With very few notable exceptions, women have made very few appearances in mathematical history until the last few decades. The French mathematician Sophie Germain corresponded with Gauss, but she pretended to be a man, fearing that if she did not, her ideas would be dismissed out of hand. She had discovered special kinds of prime numbers related to Fermat’s Last Theorem now called Germain primes. Gauss was very impressed with the letters he received from ‘Monsieur le Blanc’ and was amazed when after a lengthy correspondence he discovered that monsieur was a mademoiselle. He wrote back to her:
The taste for the mysteries of numbers is rare … the charms of this sublime science in all their beauty reveal themselves only to those who have the courage to fathom them. But when a woman, because of her sex, our customs, and prejudices … overcomes these fetters and penetrates that which is most hidden, she doubtless had the most noble courage, extraordinary talent and superior genius.
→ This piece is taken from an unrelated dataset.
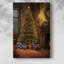 Art des Fêtes de Noël - Toile tendue avec châssis dxi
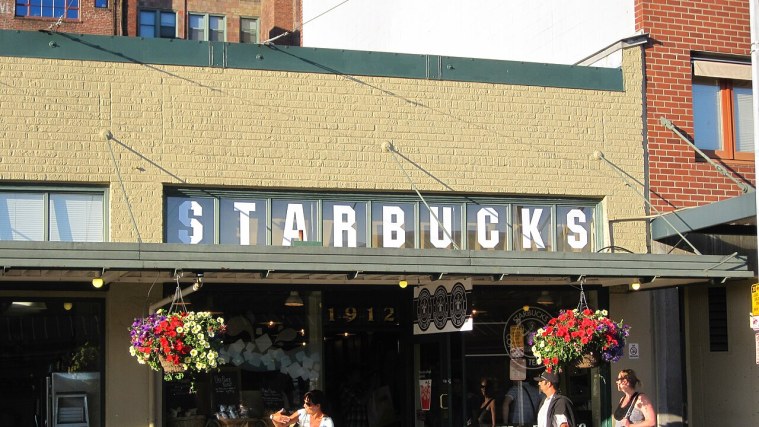 Original Starbucks - A Famous Coffee Line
Gauss tried to persuade Göttingen to award her an honorary degree, but Germain died before he could succeed.
In Hilbert’s Göttingen, Emmy Noether was an exceptionally talented algebraist. Hilbert fought on her behalf to overturn archaic rules that denied women positions in German academic institutions. ‘I do not see that the sex of the candidate is an argument against her admission,’ he objected. The University, he declared, was not ‘a bath-house’. Noether, who was Jewish, eventually had to flee Göttingen for the USA. Certain algebraic structures which permeate mathematics are named in her honour.
Julia Robinson was always seen as more than just a gifted mathematician. She was also a woman in the 1960s, and her success encouraged more women to pursue careers into mathematics. Later she recalled how, because she was one of very few women in academia, she would always get asked to complete surveys. ‘I am in everyone’s scientifically selected sample.’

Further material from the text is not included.